_Assignment_
Skip all pictures; return exactly the lines from the one containing "Mapa de ubicacion" through the end of the data.

_Source material_
┄┄┄┄┄┄┄┄┄┄
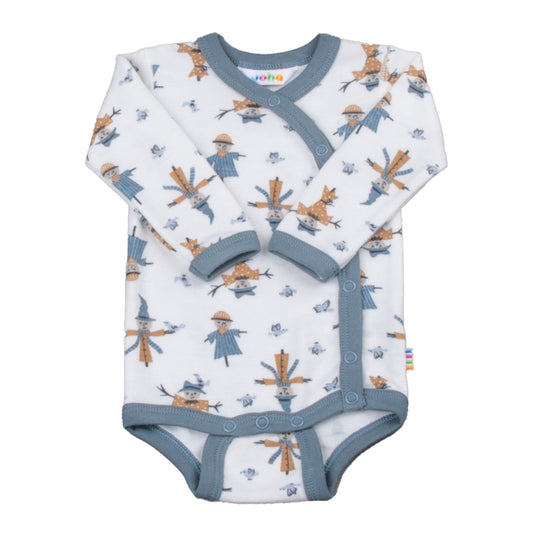 Wolle/Bambus Wickelbody, Vogelscheuche blau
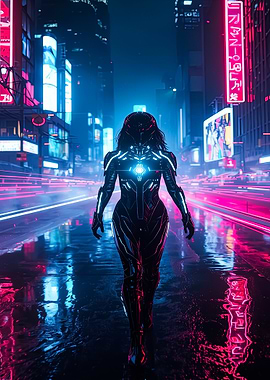 Cyberpunk Woman in Neon Cityscape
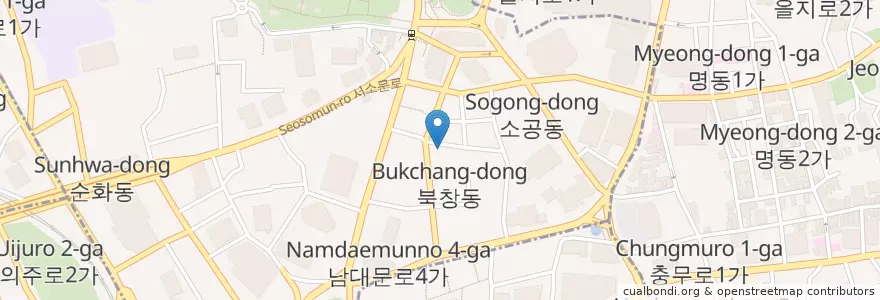 Mapa de ubicacion de 진동횟집 en Corée Du Sud, Séoul, 소공동.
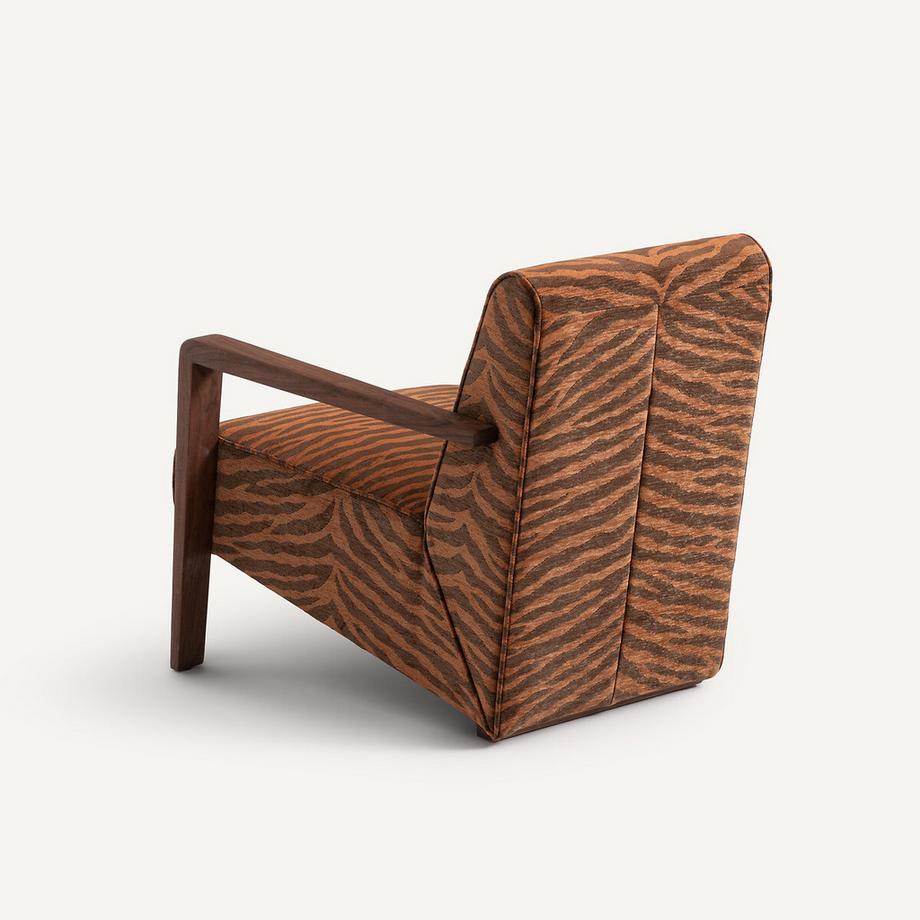 AM.PM Fauteuil noyer massif tissu imprimé animal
┄┄┄┄┄┄┄┄┄┄
_Answer to this problem_
 Mapa de ubicacion de 진동횟집 en Corée Du Sud, Séoul, 소공동.
 AM.PM Fauteuil noyer massif tissu imprimé animal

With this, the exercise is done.